Last Updated: April 6, 2026
We need to figure out how many times we can spell out "balloon" using the characters available in the input string. Each character in the string can only be used once.
The word "balloon" is interesting because not every letter appears the same number of times: b appears once, a appears once, l appears twice, o appears twice, and n appears once. So even if we have plenty of b's and a's, we need twice as many l's and o's to keep up.
The key observation is: the answer is bottlenecked by whichever required character is in shortest supply, after accounting for how many of that character each "balloon" needs.
1 <= text.length <= 10^4 → With n up to 10,000, even O(n^2) would work fine, but O(n) is the natural fit here since we just need to count characters.text consists of lowercase English letters only → We only need to track 26 possible characters (or even just the 5 that matter: b, a, l, o, n).The most direct way to think about this: count every character in the string, then check how many complete "balloon"s we can assemble.

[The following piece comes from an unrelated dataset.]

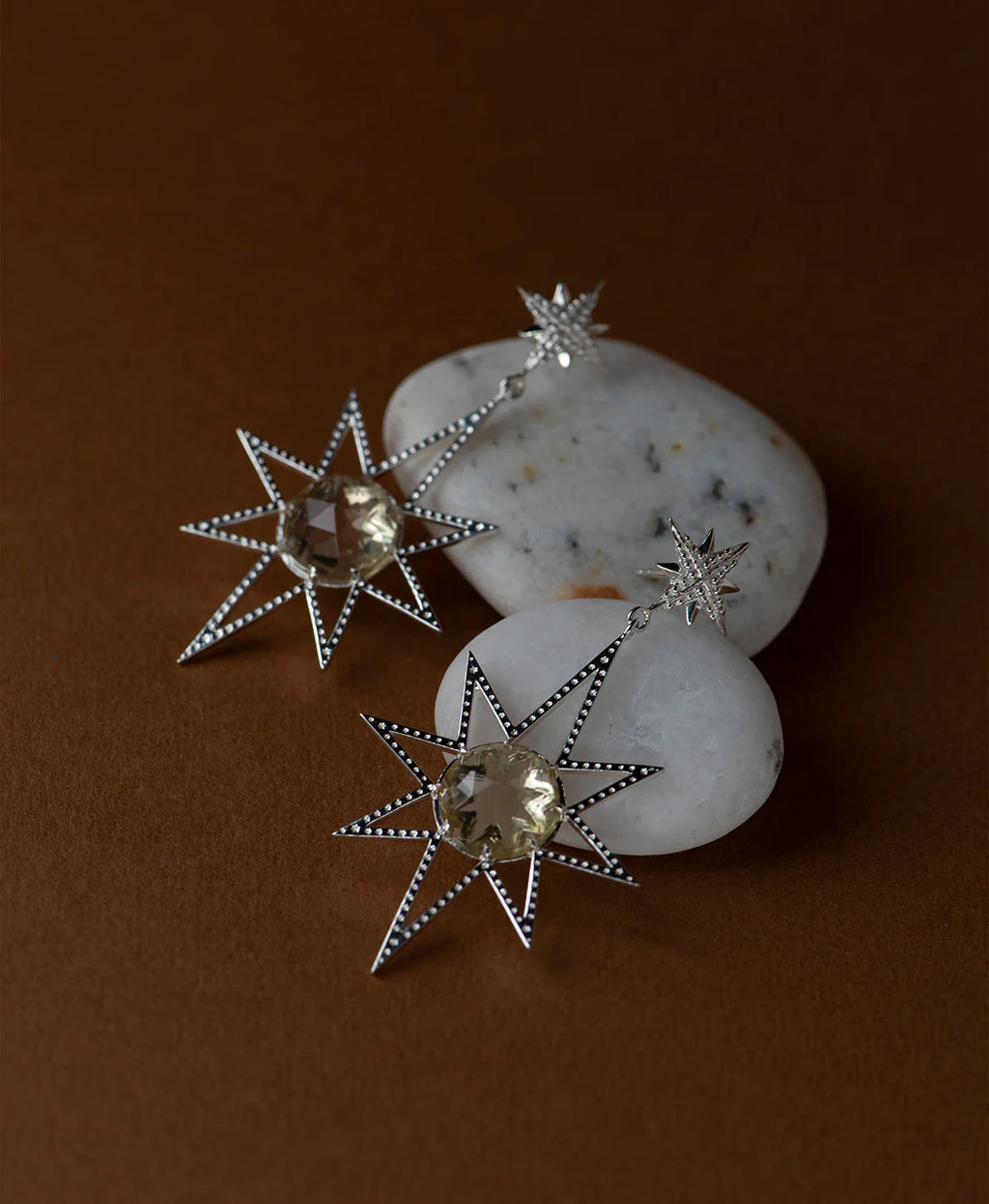 Sunburst Earrings | Sterling Silver & Lemon Quartz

Since "balloon" uses b(1), a(1), l(2), o(2), n(1), we just need to count these five characters in the input. For 'l' and 'o', we divide their counts by 2 since each "balloon" consumes two of each. The bottleneck character, the one that runs out first, determines our answer.
This approach is already optimal in time and space, but the code is a bit verbose with all the individual character lookups. What if we generalized the logic so it works for any target word, not just "balloon"?

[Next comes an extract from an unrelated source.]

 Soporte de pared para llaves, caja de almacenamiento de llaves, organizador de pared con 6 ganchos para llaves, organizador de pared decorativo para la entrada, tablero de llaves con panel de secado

Instead of hardcoding the five character checks, we can generalize the approach. Count the characters in both the input text and the target word "balloon", then for each character in the target, compute how many times its supply covers its demand. The minimum across all characters is our answer.
This approach is cleaner and would work for any target word, not just "balloon".
Think of it like a factory assembly line. To build one "balloon", you need exactly 1 bolt-b, 1 bolt-a, 2 bolt-l's, 2 bolt-o's, and 1 bolt-n. Your warehouse (the input string) has a certain stock of each bolt. The number of complete products you can assemble is limited by whichever bolt runs out first. Dividing supply by demand for each bolt and taking the minimum gives you exactly that bottleneck.